- [Directions]:
For the entries that follow, restate word for word the line containing "Used 2017 Chevrolet", the line containing "照片Antonina Seredich", and every line that lies between them.

------ Exercise materials ------

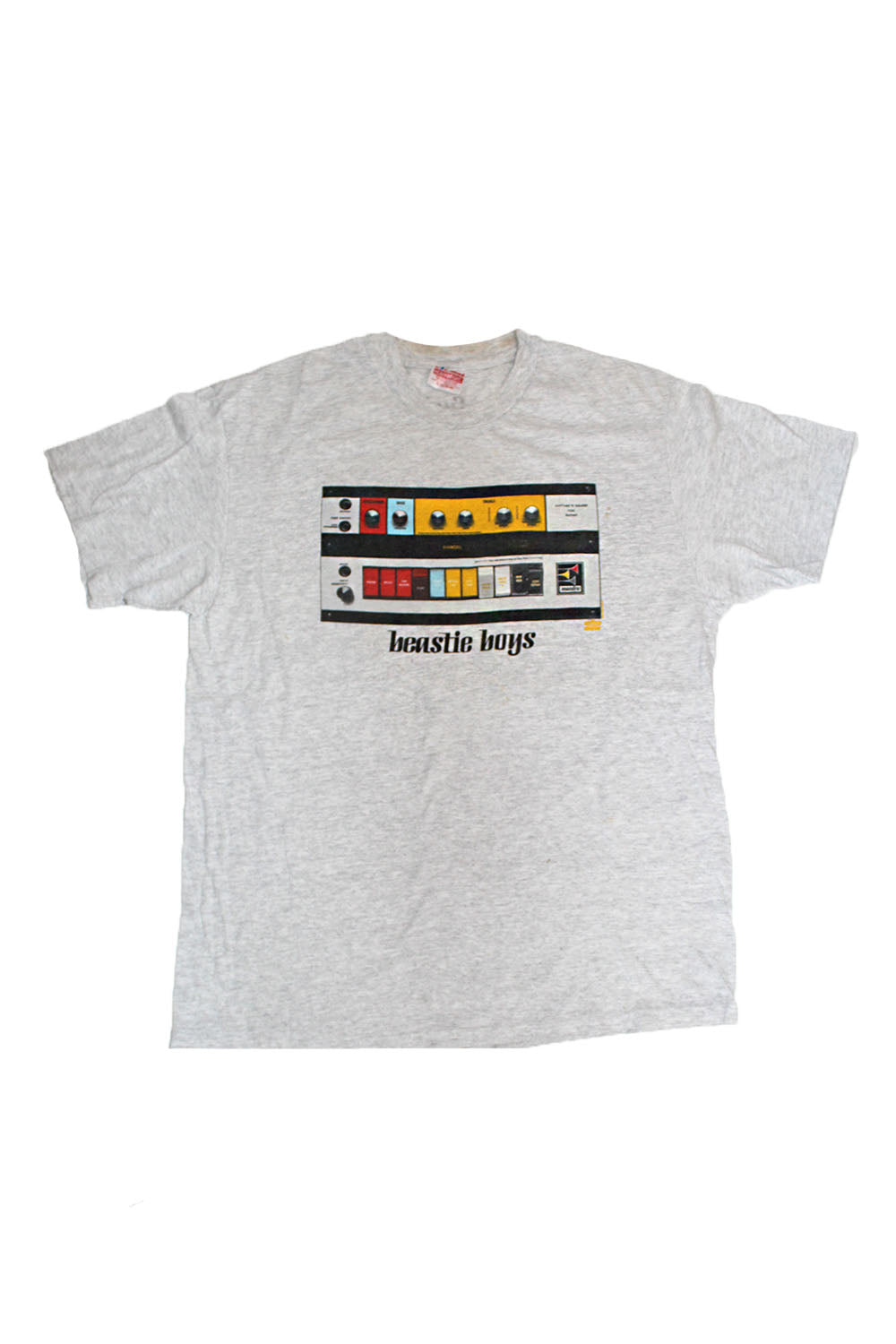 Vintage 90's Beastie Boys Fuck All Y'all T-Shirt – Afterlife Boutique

------
------ Exercise materials ------

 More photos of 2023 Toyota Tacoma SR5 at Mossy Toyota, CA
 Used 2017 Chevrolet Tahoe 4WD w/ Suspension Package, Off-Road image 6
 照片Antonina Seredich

------
------ Exercise materials ------

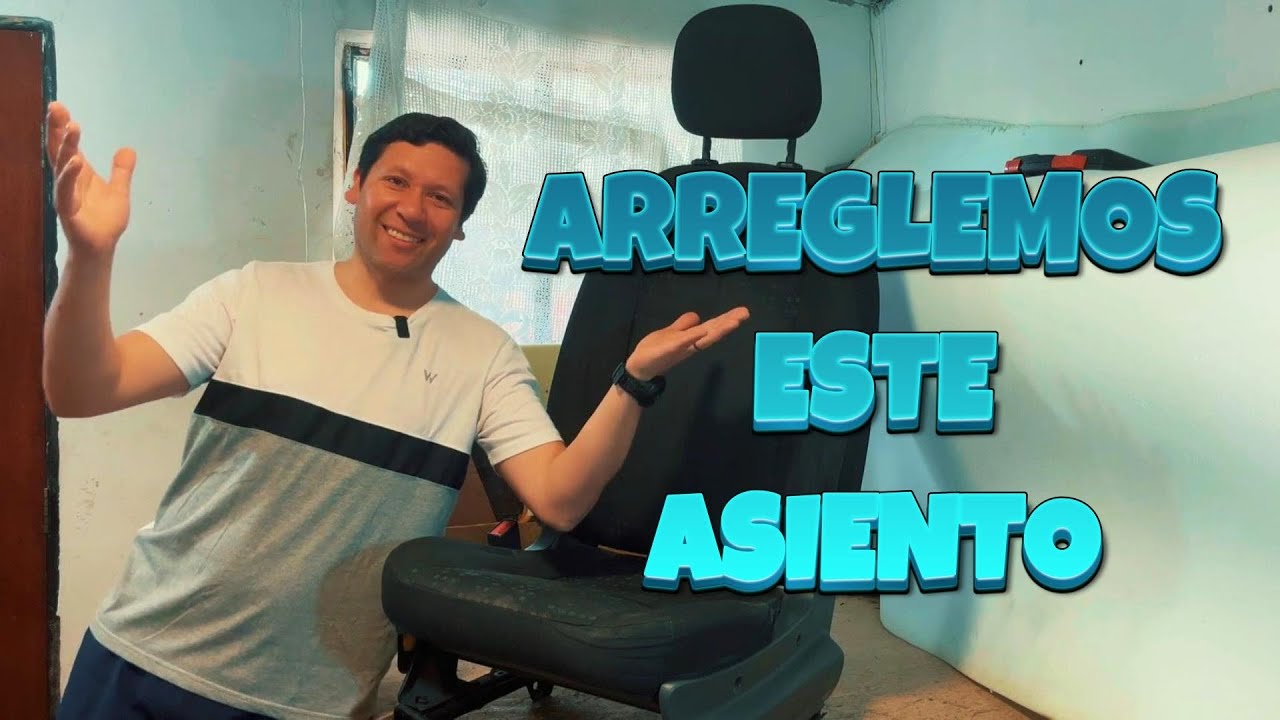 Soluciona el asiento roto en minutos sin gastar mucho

------

- [Written response]:
 Used 2017 Chevrolet Tahoe 4WD w/ Suspension Package, Off-Road image 6
 照片Antonina Seredich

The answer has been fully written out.